BEGIN DATA EXTRACT

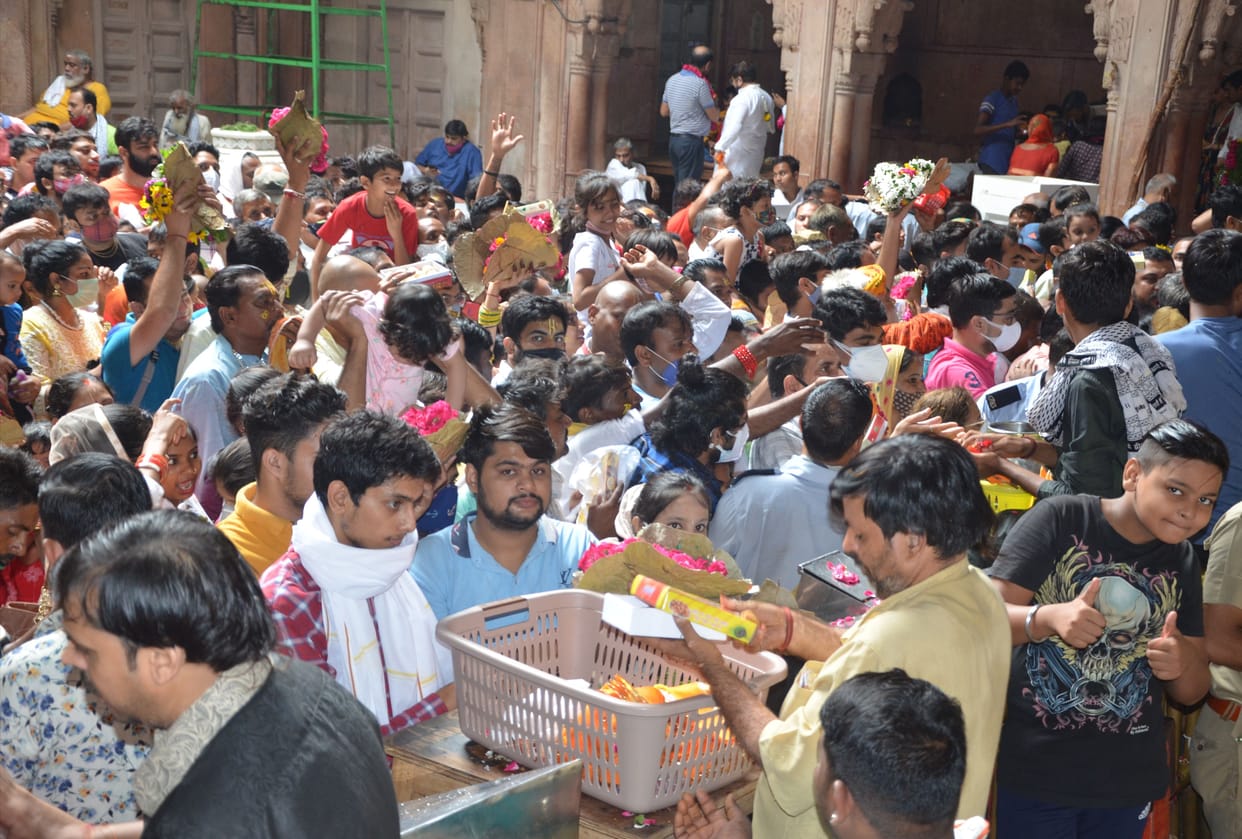 Mathura: Devotees throng the Shri Banke Bihari temple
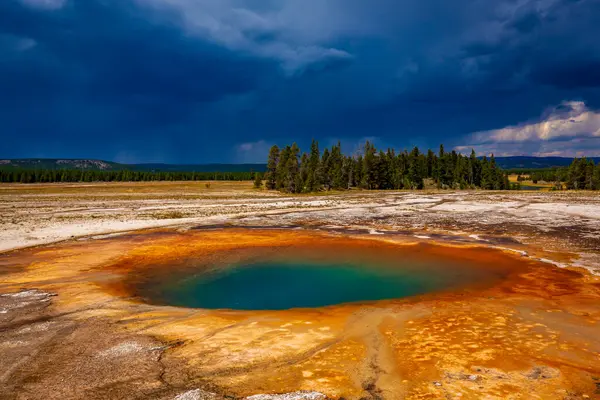 Opal Pool Uma Fonte Termal Bacia Geyser Midway Parque Nacional — Fotografia de Stock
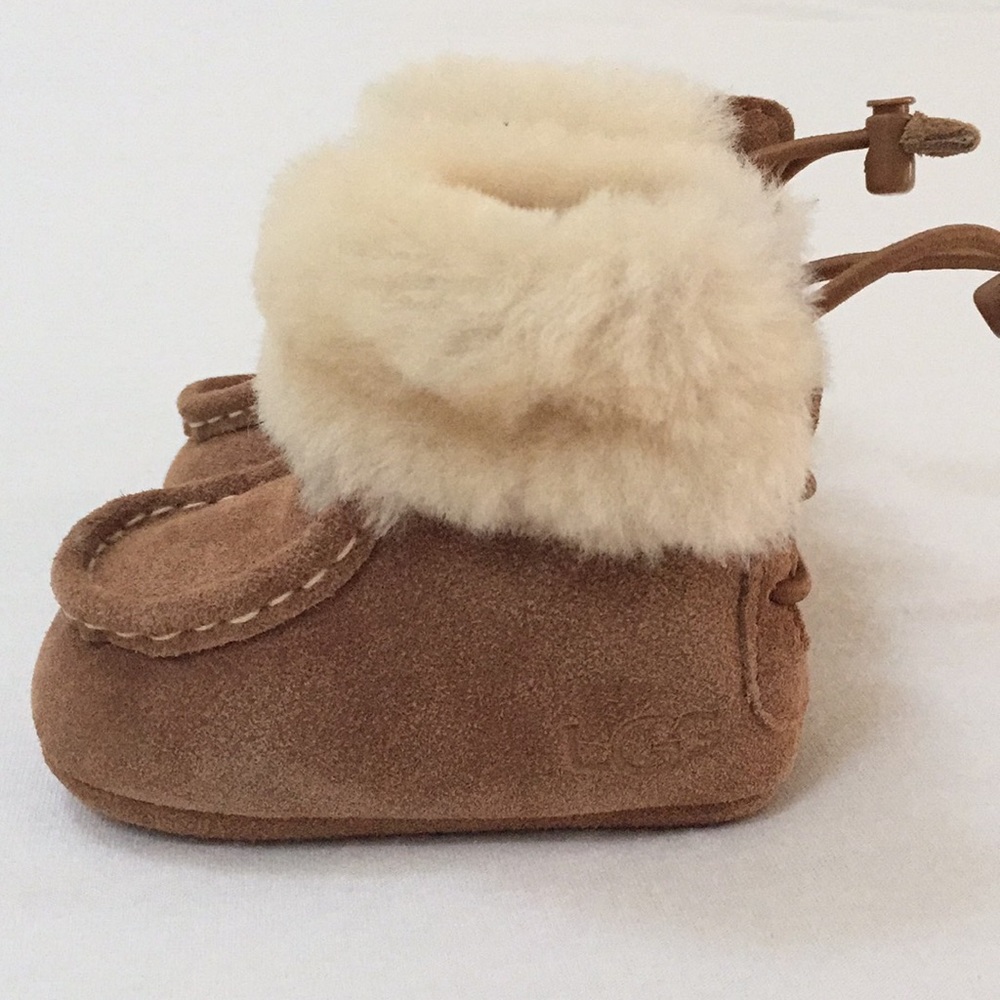 Ugg infant unisex booties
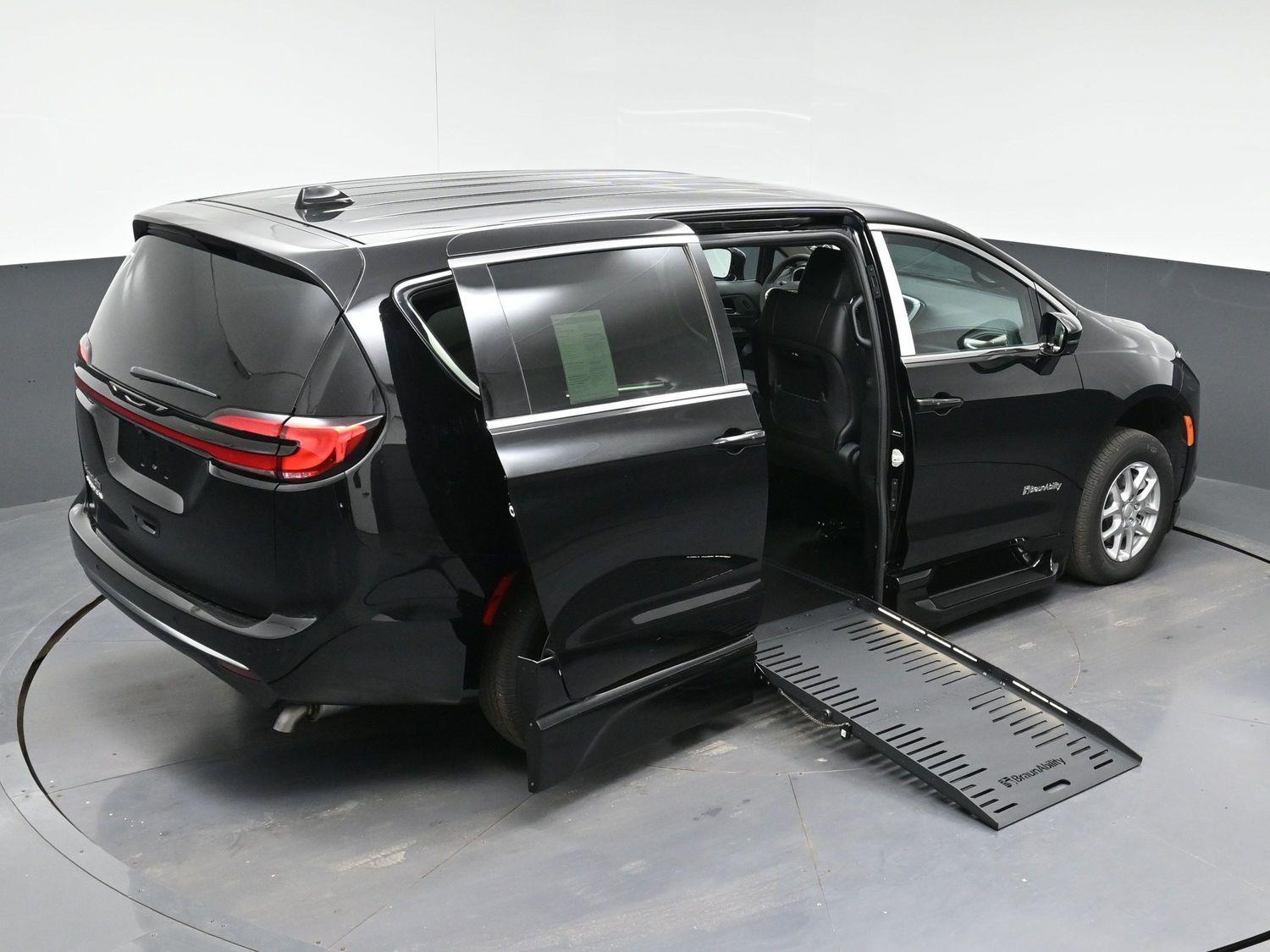 New 2027 Chrysler Pacifica Select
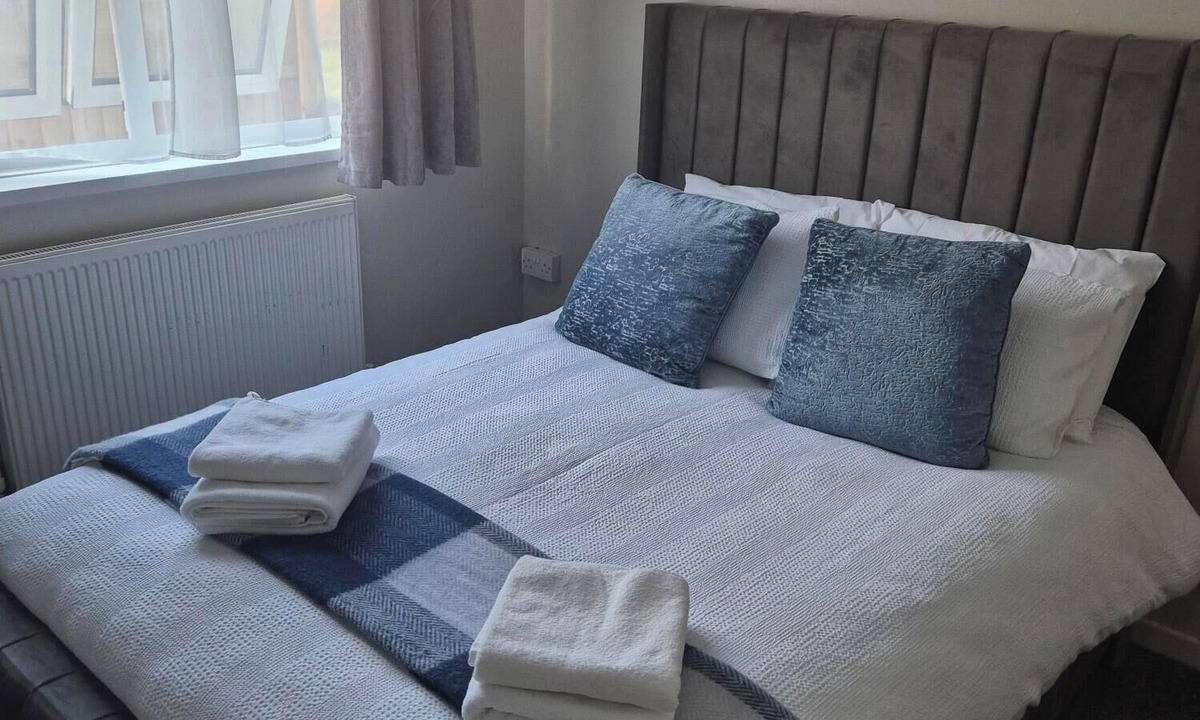 Aylestone Apartment | Cozy Opulent 2 bedroomed Apartment/Maisonette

END DATA EXTRACT

- **AIM OF THE EXERCISE**: Return the whole listing, word for word, and leave out every picture.

- **EXERCISE OUTPUT**:
 Mathura: Devotees throng the Shri Banke Bihari temple
 Opal Pool Uma Fonte Termal Bacia Geyser Midway Parque Nacional — Fotografia de Stock
 Ugg infant unisex booties
 New 2027 Chrysler Pacifica Select
 Aylestone Apartment | Cozy Opulent 2 bedroomed Apartment/Maisonette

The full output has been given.